Snowflake Inc. (SNOW) shares took a tumble on Wednesday, plunging 14.7% despite reporting second-quarter earnings that beat analyst expectations. The stock's decline stemmed from a combination of a modest earnings beat and a guidance update that failed to quell investor worries about the company's AI strategy and the competitive landscape.

Snowflake reported adjusted earnings of 18 cents per share, exceeding analyst estimates of 16 cents per share. Revenue for the July quarter climbed 29% to $868 million, also exceeding the consensus forecast of $852 million. However, the company's guidance for the upcoming quarter, ending in October, proved less impressive. Snowflake projected product revenue in the range of $850 million to $855 million, aligning with analysts' expectations of $851 million.

"Q2 results showed some signs of consumption stabilization along with solid bookings, though with a slimmer revenue beat than likely required to catalyze the stock," noted Deutsche Bank analyst Brad Zelnick.

Analysts remain concerned about Snowflake's progress in developing AI-related products, particularly in the face of stiff competition from companies like Databricks. "The follow through to consumption revenue from newer features and AI investments remains the bigger question for investors," Zelnick added. "More tangible evidence is likely needed to alleviate concern that Snowflake is being negatively disrupted by fast-paced innovation occurring up and down the data/AI stack."

In a Yahoo Finance interview, Jefferies analyst Brent Thill highlighted the company's strong backlog growth, which increased over 40% year-over-year. This signals that Snowflake is securing new contracts and experiencing accelerated growth, pointing towards a potentially positive future. However, Thill acknowledges that the company's current transition towards a multi-product platform and increased AI investment will take time.

Snowflake’s new CEO, Shridar, is tasked with navigating the company through these changes and establishing a strong foothold in the AI market.

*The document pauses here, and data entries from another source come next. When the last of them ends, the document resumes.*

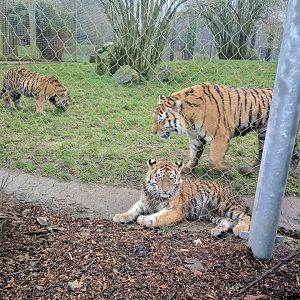 Amur Tigers @ Marwell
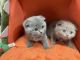 British Shorthair Cats for sale in Philadelphia, PA, USA. price: $1,200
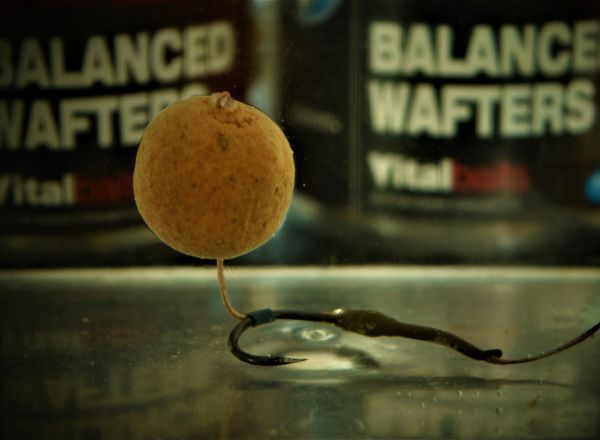 Vital Baits Nutty Crunch Wafters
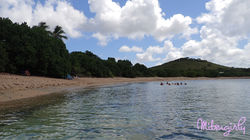 SHONEY BEACH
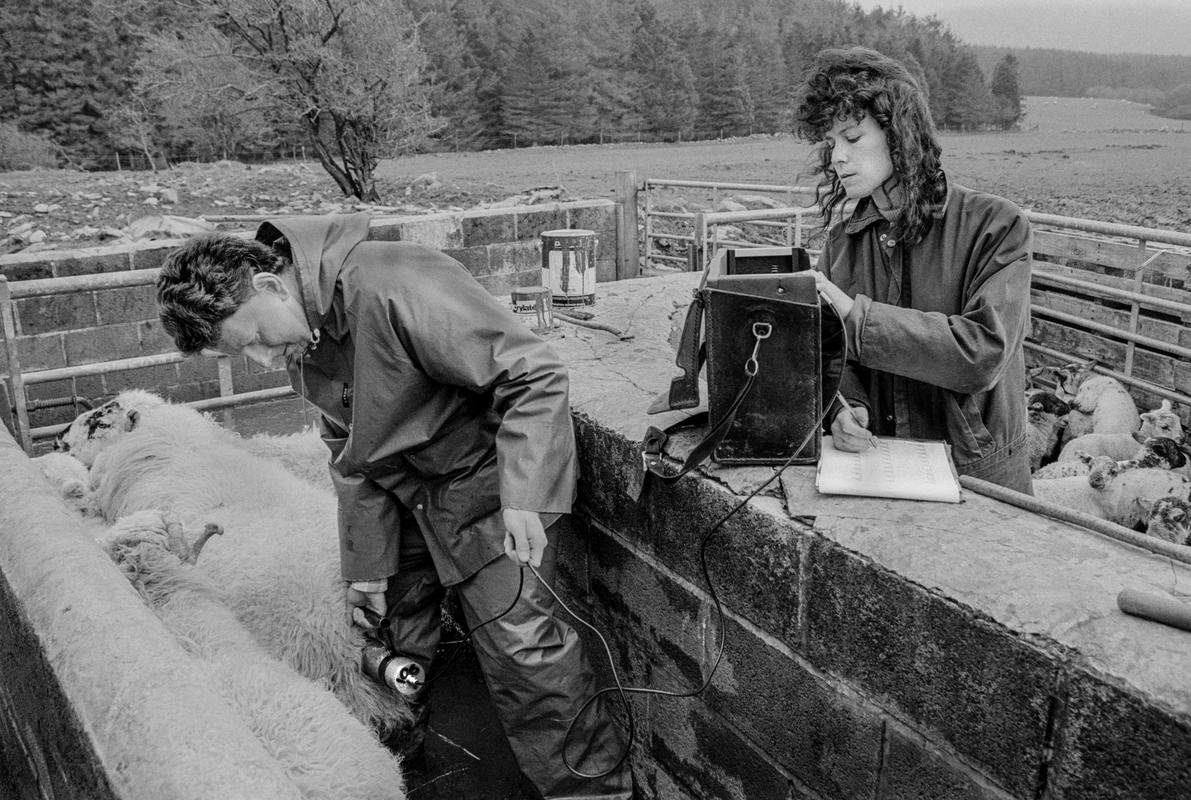 GB. WALES. Yspyty Ifan. Testing for radiation fall-out. Dewie Jones farm. 1994.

Despite the recent share price decline, some analysts remain bullish on Snowflake's long-term prospects. Thill argues that while the company is currently in a period of heavy investment, with suppressed margins as a result, it still represents a compelling buy opportunity for long-term investors. He points to the company's robust product roadmap and ongoing innovation, which he expects to drive significant growth in 2025 and 2026.

Key Data Points:

  • Q2 Earnings: Beat expectations with adjusted earnings of 18 cents per share, exceeding analyst estimates of 16 cents.
  • Revenue: Increased 29% year-over-year to $868 million, exceeding the consensus forecast of $852 million.
  • Q3 Guidance: Product revenue projected to be between $850 million to $855 million, aligning with analysts' expectations of $851 million.
  • Backlog Growth: Increased over 40% year-over-year, indicating strong customer demand and future revenue potential.